"What I’m trying to say is, you know, it’s not about boycotting anything. It’s just, we want opportunity. We want black actors to get the same opportunities as white actors.
That’s it. Not just once. Leo gets a great part every year and, you know, everybody, all you guys, get great parts all the time, " Chris Rock said after discussing the idea of Hollywood being racist.
He had also noted earlier in the monologue that "If you want black people every year at the Oscars, just have black categories like Best Black Friend."
The snubs that many people were upset about this year included Straight Outta Compton, Creed, Concussion, and Beasts of No Nation including actors Michael B. Jordan, Idris Elba, Will Smith, and Jason Mitchell. Plus the possible best director nod to Ryan Coogler for Creed and people were plenty upset. I haven't seen all of the films, but I did see Creed and Straight Outta Compton and I agree with them not being nominated more is a snub.
However, Chris Rock points at something bigger. It's not about what nominations are given out, but the types of parts minority actors are being included in. Some of the films nominated for best picture couldn't have been minority actors either because they were a biopic or a period piece set in a time when minorities wouldn't have been in the position the characters were in.

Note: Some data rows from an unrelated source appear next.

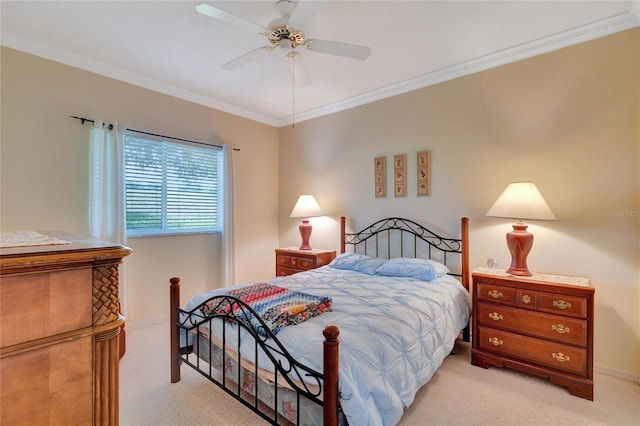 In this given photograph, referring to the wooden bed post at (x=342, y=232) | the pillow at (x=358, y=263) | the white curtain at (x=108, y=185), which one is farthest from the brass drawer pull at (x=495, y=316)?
the white curtain at (x=108, y=185)

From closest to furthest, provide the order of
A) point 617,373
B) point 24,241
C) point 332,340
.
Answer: point 24,241 < point 332,340 < point 617,373

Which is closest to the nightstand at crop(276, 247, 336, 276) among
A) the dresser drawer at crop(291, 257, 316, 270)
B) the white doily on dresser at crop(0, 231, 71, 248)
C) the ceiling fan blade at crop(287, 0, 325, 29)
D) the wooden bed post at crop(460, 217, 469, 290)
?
the dresser drawer at crop(291, 257, 316, 270)

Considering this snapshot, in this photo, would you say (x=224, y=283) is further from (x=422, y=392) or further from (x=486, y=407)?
(x=486, y=407)

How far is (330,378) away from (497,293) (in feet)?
5.88

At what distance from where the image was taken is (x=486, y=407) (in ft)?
6.64

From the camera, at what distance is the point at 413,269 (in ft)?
9.37

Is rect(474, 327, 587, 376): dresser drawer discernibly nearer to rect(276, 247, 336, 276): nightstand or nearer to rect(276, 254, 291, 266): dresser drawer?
rect(276, 247, 336, 276): nightstand

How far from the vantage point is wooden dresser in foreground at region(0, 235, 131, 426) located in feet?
1.82

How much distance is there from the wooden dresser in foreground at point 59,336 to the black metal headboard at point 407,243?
2981mm

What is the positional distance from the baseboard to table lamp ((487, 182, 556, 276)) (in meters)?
0.92

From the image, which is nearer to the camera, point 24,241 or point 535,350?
point 24,241

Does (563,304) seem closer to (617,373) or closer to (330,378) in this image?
(617,373)

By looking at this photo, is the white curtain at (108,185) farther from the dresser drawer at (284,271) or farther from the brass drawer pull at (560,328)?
the brass drawer pull at (560,328)

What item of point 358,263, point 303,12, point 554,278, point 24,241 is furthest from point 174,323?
point 554,278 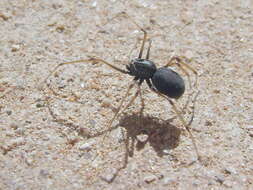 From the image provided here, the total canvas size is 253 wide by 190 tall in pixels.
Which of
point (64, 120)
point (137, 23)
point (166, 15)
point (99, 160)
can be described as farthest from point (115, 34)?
point (99, 160)

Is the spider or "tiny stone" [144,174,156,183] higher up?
the spider

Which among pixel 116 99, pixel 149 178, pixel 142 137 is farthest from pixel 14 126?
pixel 149 178

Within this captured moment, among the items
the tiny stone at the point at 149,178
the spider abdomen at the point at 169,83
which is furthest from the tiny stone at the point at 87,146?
the spider abdomen at the point at 169,83

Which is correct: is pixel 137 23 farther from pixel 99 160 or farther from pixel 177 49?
pixel 99 160

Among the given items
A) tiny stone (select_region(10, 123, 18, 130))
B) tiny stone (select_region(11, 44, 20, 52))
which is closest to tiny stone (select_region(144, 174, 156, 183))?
tiny stone (select_region(10, 123, 18, 130))

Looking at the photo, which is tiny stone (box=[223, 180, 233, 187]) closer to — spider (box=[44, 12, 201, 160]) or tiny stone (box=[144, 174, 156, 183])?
spider (box=[44, 12, 201, 160])

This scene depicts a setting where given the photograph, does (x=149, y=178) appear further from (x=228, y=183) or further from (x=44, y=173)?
(x=44, y=173) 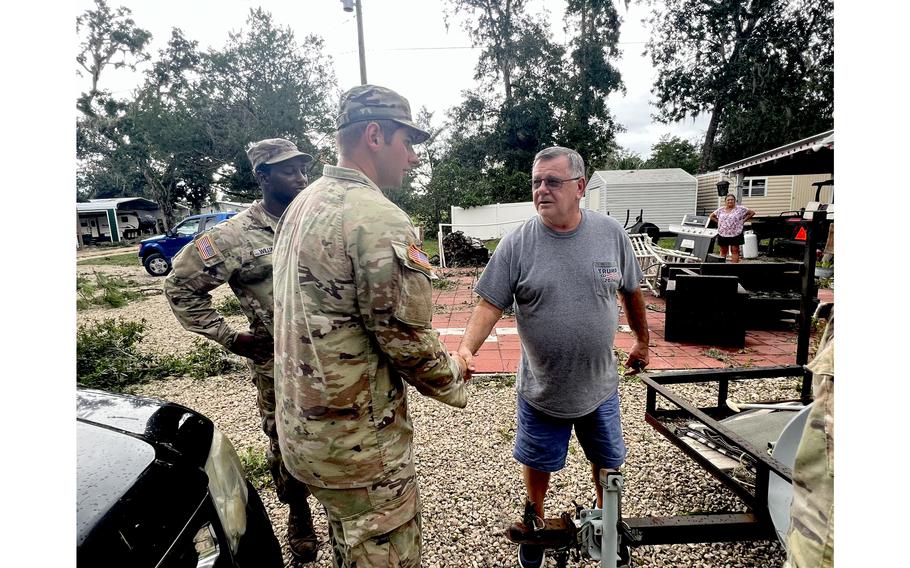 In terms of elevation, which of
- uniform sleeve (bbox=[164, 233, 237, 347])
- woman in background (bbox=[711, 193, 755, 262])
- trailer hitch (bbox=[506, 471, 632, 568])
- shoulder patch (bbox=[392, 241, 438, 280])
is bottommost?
trailer hitch (bbox=[506, 471, 632, 568])

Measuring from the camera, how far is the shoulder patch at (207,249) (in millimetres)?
2137

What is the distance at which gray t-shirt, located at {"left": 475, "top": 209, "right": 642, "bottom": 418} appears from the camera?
6.35 feet

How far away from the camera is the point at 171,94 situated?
92.5 ft

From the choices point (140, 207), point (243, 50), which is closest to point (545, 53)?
point (243, 50)

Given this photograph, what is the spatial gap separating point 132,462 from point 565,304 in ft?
5.17

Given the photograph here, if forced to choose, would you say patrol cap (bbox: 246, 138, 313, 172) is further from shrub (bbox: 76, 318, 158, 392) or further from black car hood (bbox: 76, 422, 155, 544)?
shrub (bbox: 76, 318, 158, 392)

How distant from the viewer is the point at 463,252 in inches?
460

Bridge of Spies hits both the period piece and the biopic idea. Odds are an African-American lawyer wouldn't have been selected by the government to negotiate a trade during the early stages of the cold war. But, why couldn't Matt Damon's character, Mark Watney, have been black or hispanic? There are plenty of minority actors in the film, but they are supporting and not the lead.
What if Zoe Saldana had been Ma in Room. I love Brie Larson in that film, but did the character have to be white? Would it have changed the content of the story?
The Revenant featured many Native American characters, but again the lead was a white guy. What if that character had been Native American instead of a white guy who had a Native American son? In fact, in some ways that would have made a lot of sense to have the guide be a native to the land they were traversing.
If the Academy starts making changes to add more minorities to the awards are they going to be films that are predominately geared towards that race? Or, are the casting directors going to start deciding that race isn't always relevant to the story.
Alejandro G. Iñárritu said, “So what a great opportunity to our generation to really liberate ourselves from all prejudice and, you know, this tribal thinking, and make sure for once and forever that the color of the skin become as irrelevant as the length of our hair.”
While, his words apply to more than just film, I believe the visibility of films and TV will be a great indication of when this way of thinking is no longer just an idea, but a reality.